Material provided -
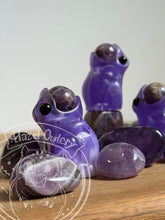 Load image into Gallery viewer, Amethyst AHHHH Froggo - Resin Art (please limit yourself to 2or 3)
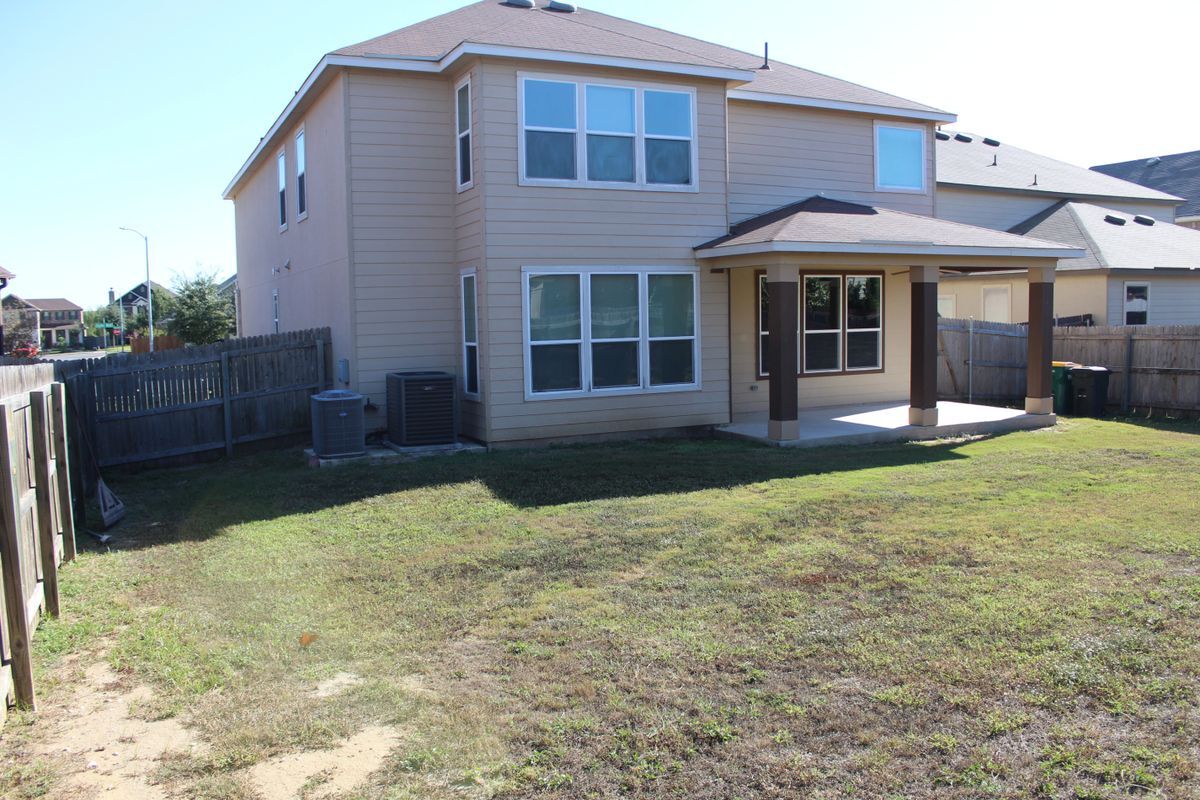 Building Photo - 330 Anchor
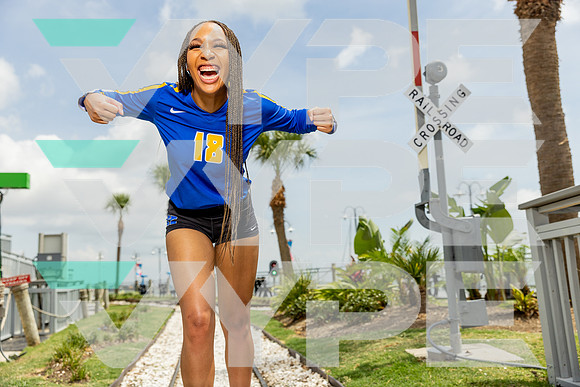 KLEIN_HIGH_VB_Mikala Sampson_4D8A0536-(DELEON)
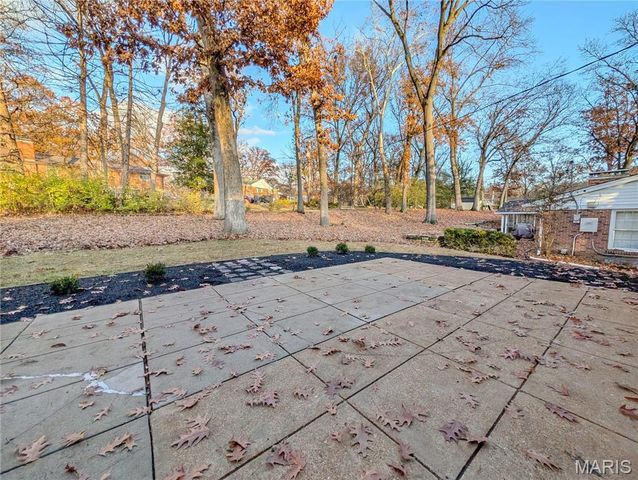 7639 Capilia Drive, Crestwood, MO 63123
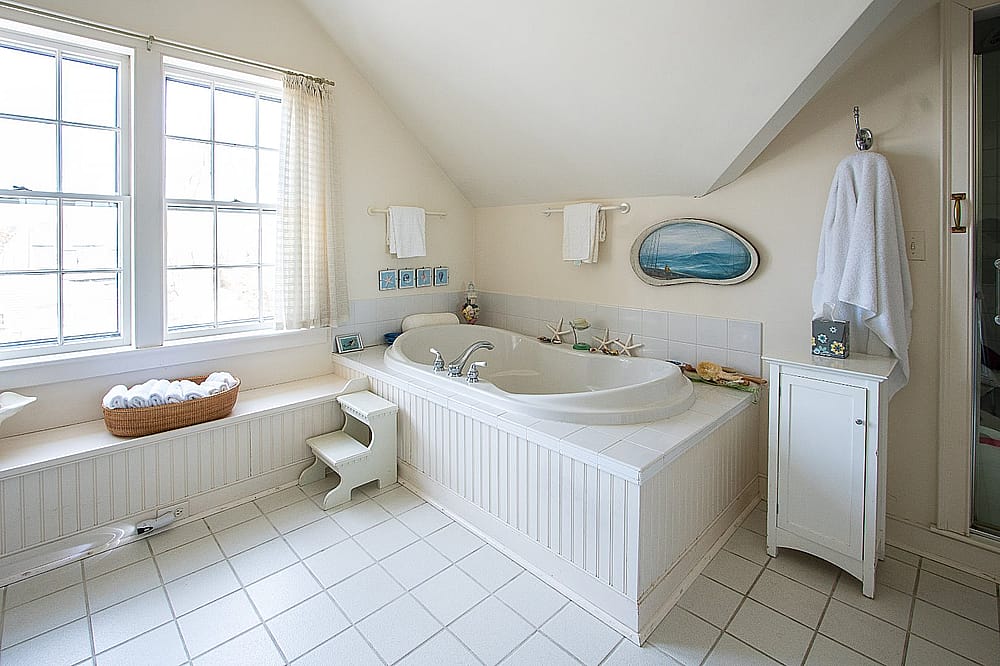 26 Monomoy Road Nantucket MA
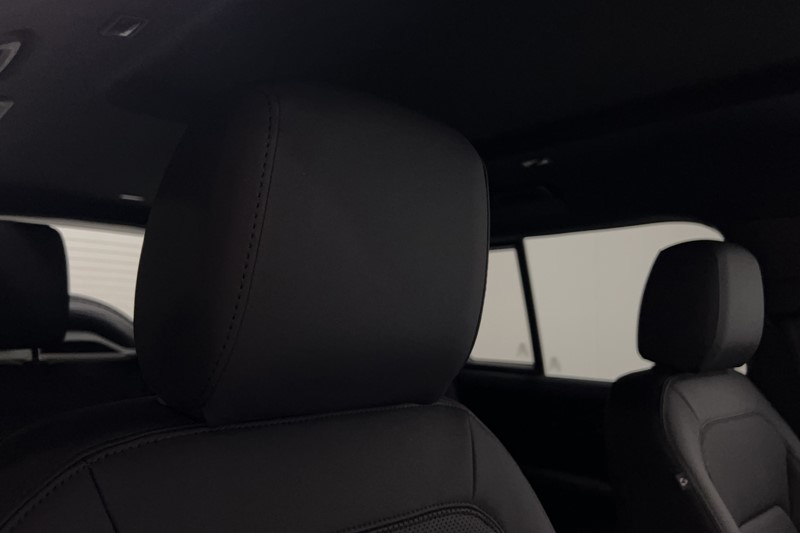  LAND ROVER DEFENDER 3.0 D250 X-Dynamic SE 110 5dr Auto 5732230
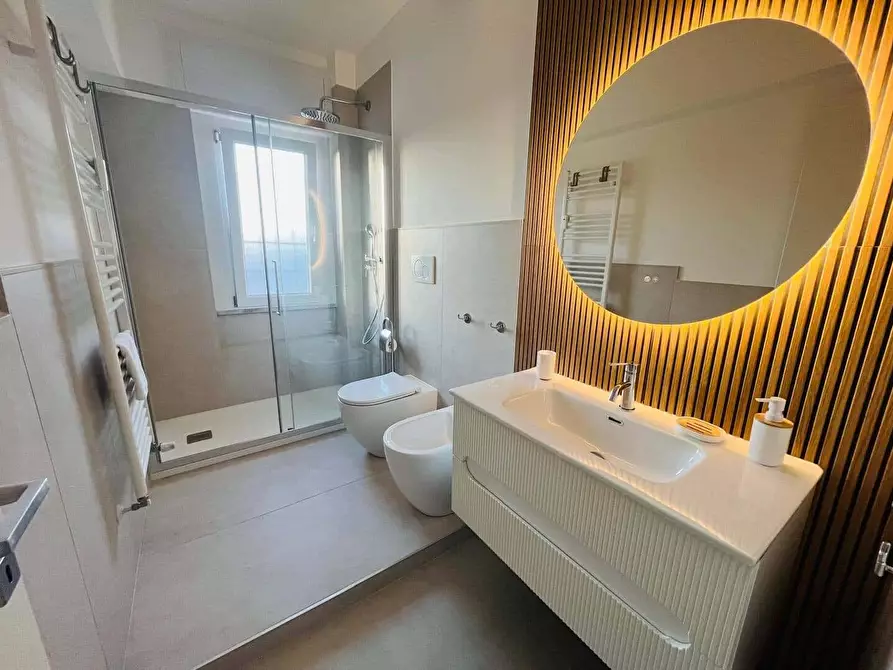 Immagine 5 di Appartamento in affitto  in Via Giuseppe Ravizza42 a Roma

Work order - Reprint each of the records exactly and skip the images.

Output of the exercise -
 Load image into Gallery viewer, Amethyst AHHHH Froggo - Resin Art (please limit yourself to 2or 3)
 Building Photo - 330 Anchor
 KLEIN_HIGH_VB_Mikala Sampson_4D8A0536-(DELEON)
 7639 Capilia Drive, Crestwood, MO 63123
 26 Monomoy Road Nantucket MA
  LAND ROVER DEFENDER 3.0 D250 X-Dynamic SE 110 5dr Auto 5732230
 Immagine 5 di Appartamento in affitto  in Via Giuseppe Ravizza42 a Roma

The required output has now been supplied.